Action item: All of the listing is to be written out word for word, with the pictures left out.

Data in this exercise:
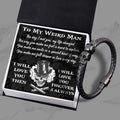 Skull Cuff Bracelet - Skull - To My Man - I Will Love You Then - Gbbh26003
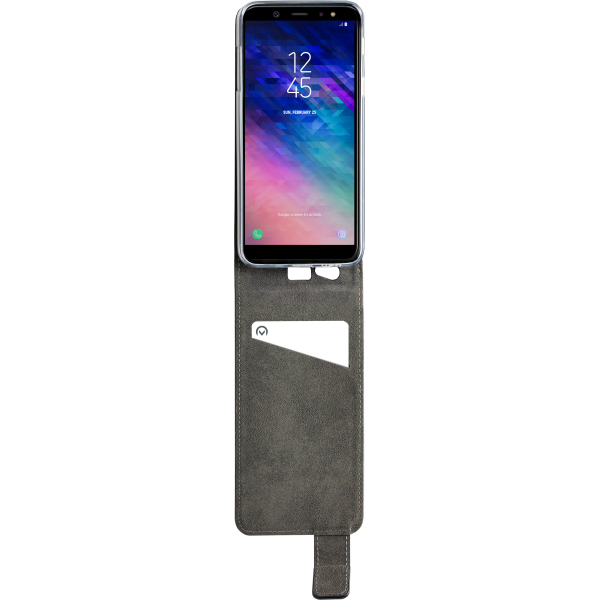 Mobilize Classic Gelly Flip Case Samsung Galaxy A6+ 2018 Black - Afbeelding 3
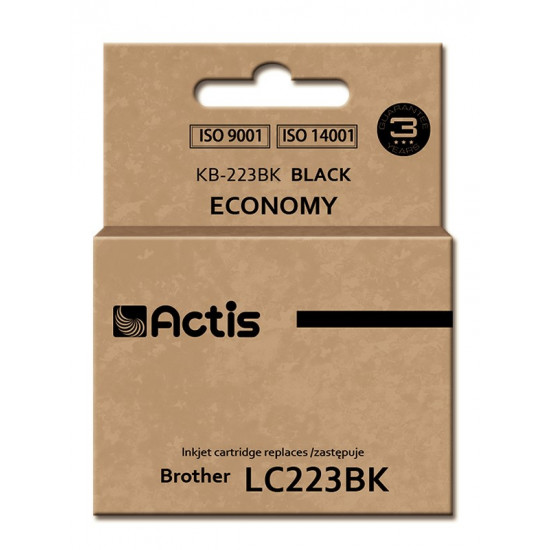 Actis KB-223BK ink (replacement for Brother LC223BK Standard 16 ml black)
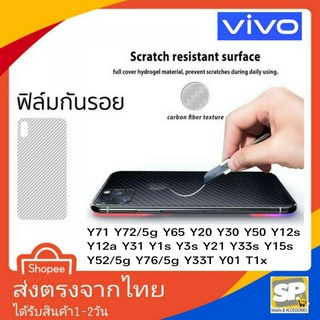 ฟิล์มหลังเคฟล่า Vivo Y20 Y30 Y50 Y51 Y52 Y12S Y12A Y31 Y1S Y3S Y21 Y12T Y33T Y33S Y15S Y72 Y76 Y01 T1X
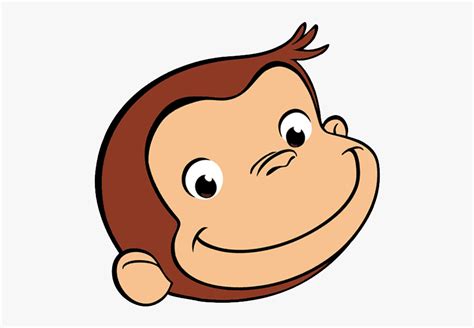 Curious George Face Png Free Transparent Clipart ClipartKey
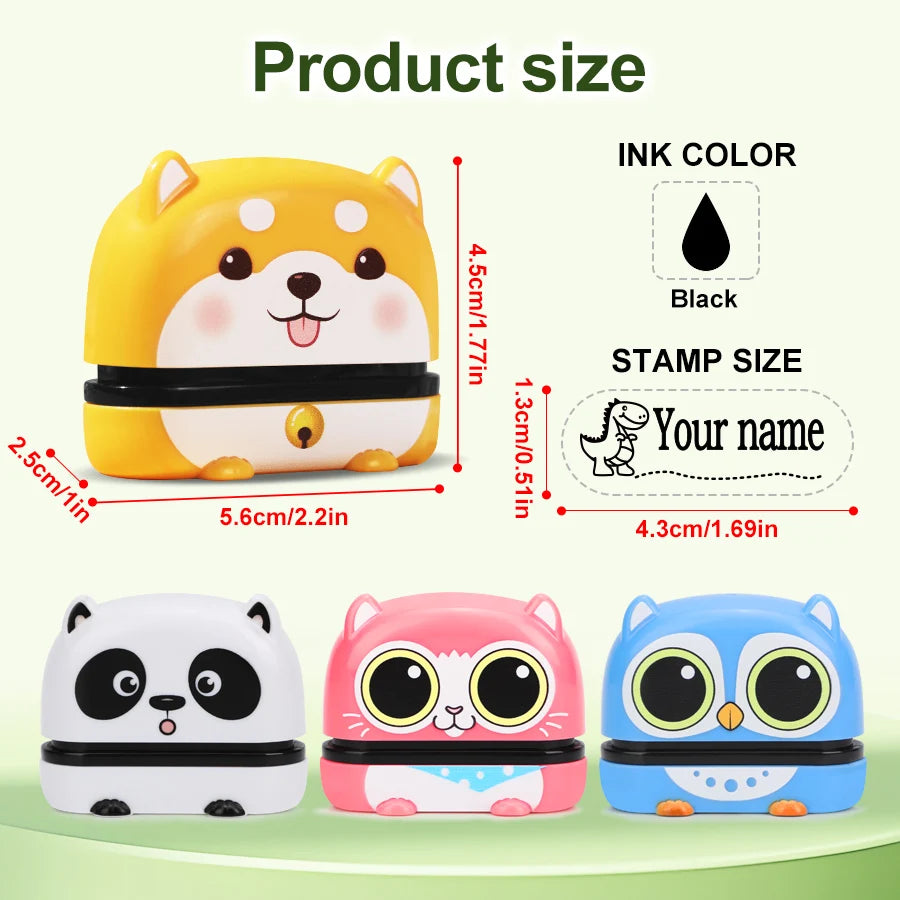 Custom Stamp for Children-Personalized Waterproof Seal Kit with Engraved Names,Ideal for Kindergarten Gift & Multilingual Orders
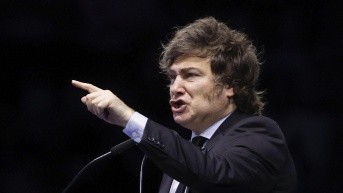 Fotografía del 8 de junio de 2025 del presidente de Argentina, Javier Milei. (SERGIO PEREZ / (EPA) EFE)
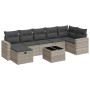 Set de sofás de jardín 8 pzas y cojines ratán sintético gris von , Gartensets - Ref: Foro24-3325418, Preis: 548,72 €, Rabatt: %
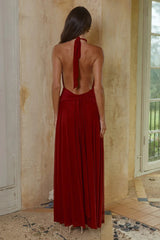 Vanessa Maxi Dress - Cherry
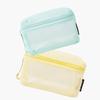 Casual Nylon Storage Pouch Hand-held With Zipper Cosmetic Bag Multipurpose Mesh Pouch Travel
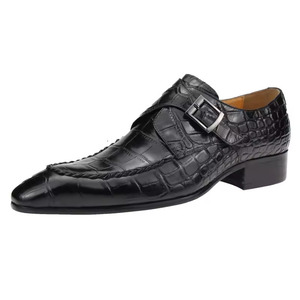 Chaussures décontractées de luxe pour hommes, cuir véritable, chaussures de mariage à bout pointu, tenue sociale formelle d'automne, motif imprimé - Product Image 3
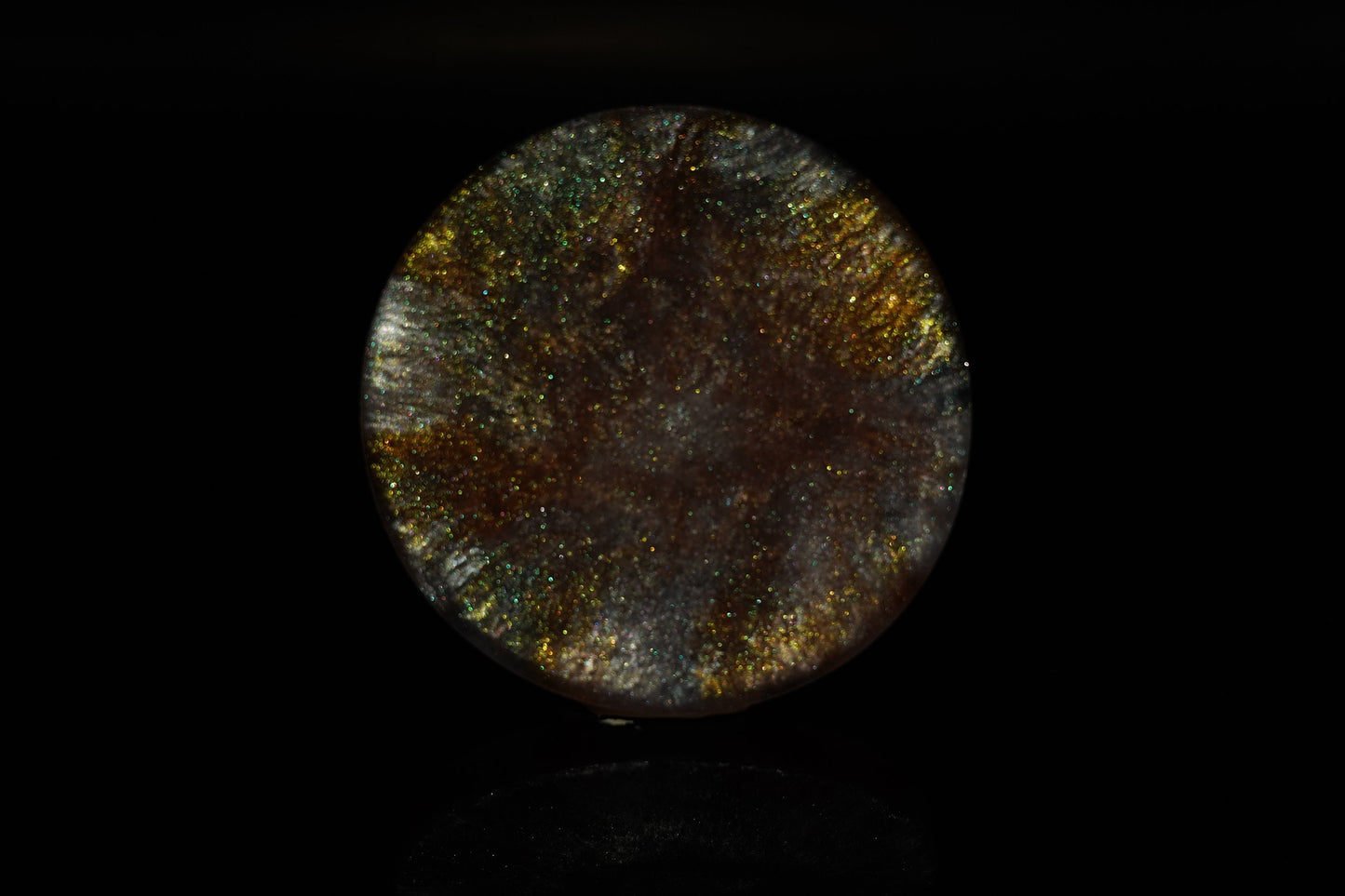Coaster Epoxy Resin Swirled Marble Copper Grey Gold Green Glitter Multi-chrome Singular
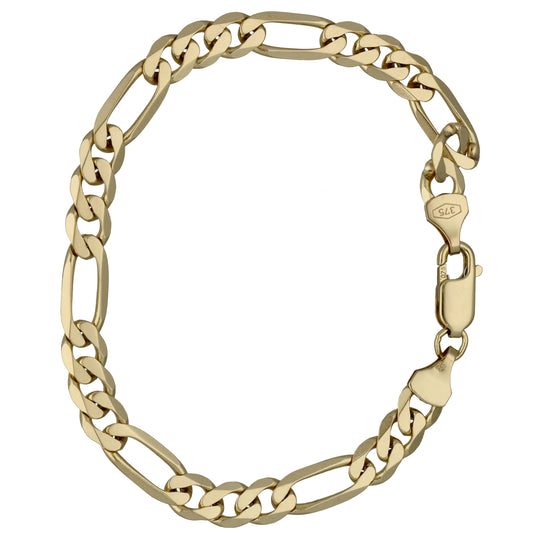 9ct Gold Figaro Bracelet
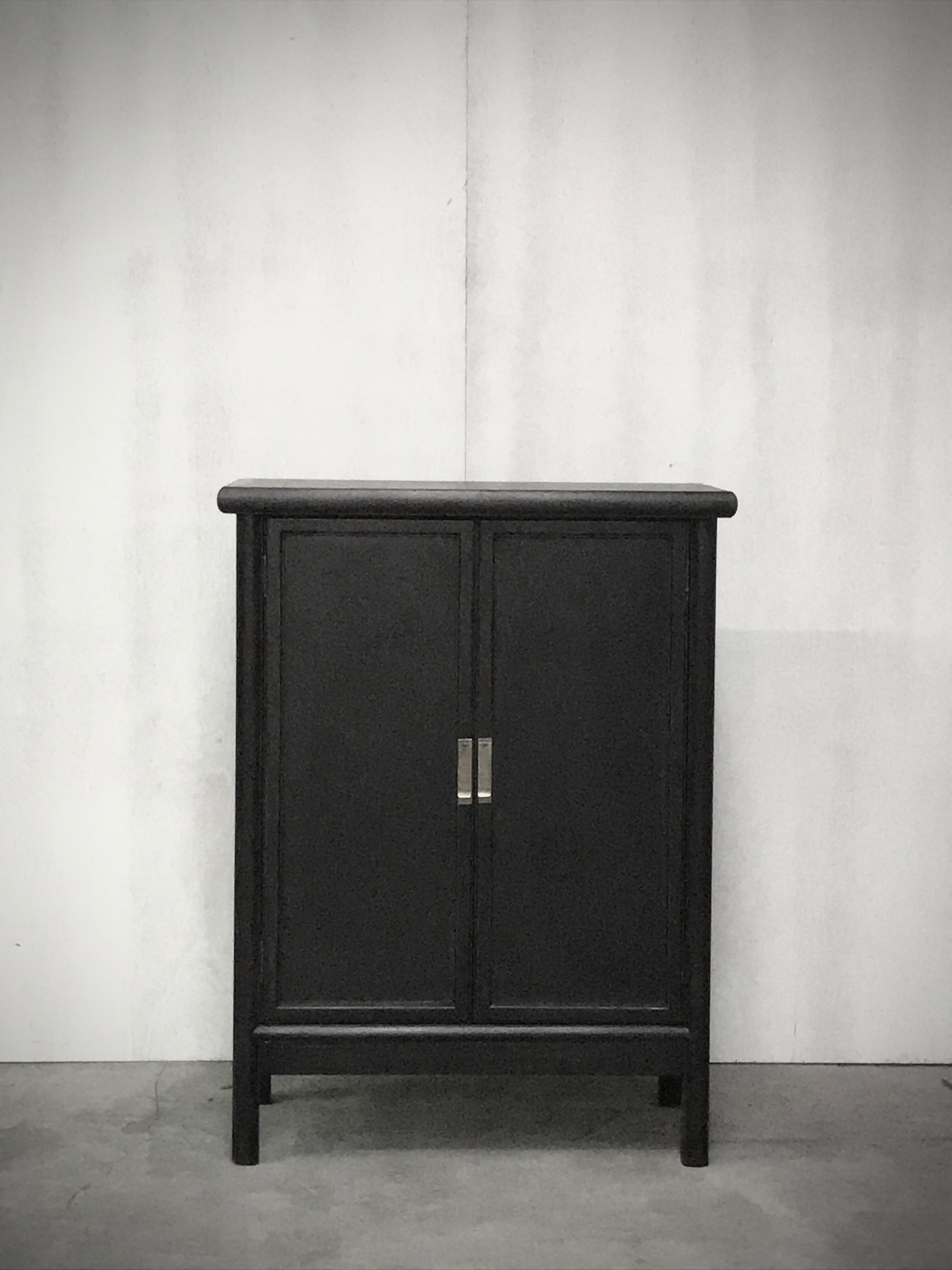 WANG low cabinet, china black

Solution to the problem:
 Skull Cuff Bracelet - Skull - To My Man - I Will Love You Then - Gbbh26003
 Mobilize Classic Gelly Flip Case Samsung Galaxy A6+ 2018 Black - Afbeelding 3
 Actis KB-223BK ink (replacement for Brother LC223BK Standard 16 ml black)
 ฟิล์มหลังเคฟล่า Vivo Y20 Y30 Y50 Y51 Y52 Y12S Y12A Y31 Y1S Y3S Y21 Y12T Y33T Y33S Y15S Y72 Y76 Y01 T1X
 Curious George Face Png Free Transparent Clipart ClipartKey
 Custom Stamp for Children-Personalized Waterproof Seal Kit with Engraved Names,Ideal for Kindergarten Gift & Multilingual Orders
 Fotografía del 8 de junio de 2025 del presidente de Argentina, Javier Milei. (SERGIO PEREZ / (EPA) EFE)
 Set de sofás de jardín 8 pzas y cojines ratán sintético gris von , Gartensets - Ref: Foro24-3325418, Preis: 548,72 €, Rabatt: %
 Vanessa Maxi Dress - Cherry
 Casual Nylon Storage Pouch Hand-held With Zipper Cosmetic Bag Multipurpose Mesh Pouch Travel
 Chaussures décontractées de luxe pour hommes, cuir véritable, chaussures de mariage à bout pointu, tenue sociale formelle d'automne, motif imprimé - Product Image 3
Coaster Epoxy Resin Swirled Marble Copper Grey Gold Green Glitter Multi-chrome Singular
 9ct Gold Figaro Bracelet
 WANG low cabinet, china black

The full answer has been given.